Every entry must be output exactly as it was written.

▼

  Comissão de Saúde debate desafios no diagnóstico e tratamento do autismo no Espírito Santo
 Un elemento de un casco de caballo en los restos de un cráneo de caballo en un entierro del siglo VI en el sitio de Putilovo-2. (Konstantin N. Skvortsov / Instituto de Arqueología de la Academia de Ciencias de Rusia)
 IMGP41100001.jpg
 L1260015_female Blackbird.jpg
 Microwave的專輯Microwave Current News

▲

Task solution:
  Comissão de Saúde debate desafios no diagnóstico e tratamento do autismo no Espírito Santo
 Un elemento de un casco de caballo en los restos de un cráneo de caballo en un entierro del siglo VI en el sitio de Putilovo-2. (Konstantin N. Skvortsov / Instituto de Arqueología de la Academia de Ciencias de Rusia)
 IMGP41100001.jpg
 L1260015_female Blackbird.jpg
 Microwave的專輯Microwave Current News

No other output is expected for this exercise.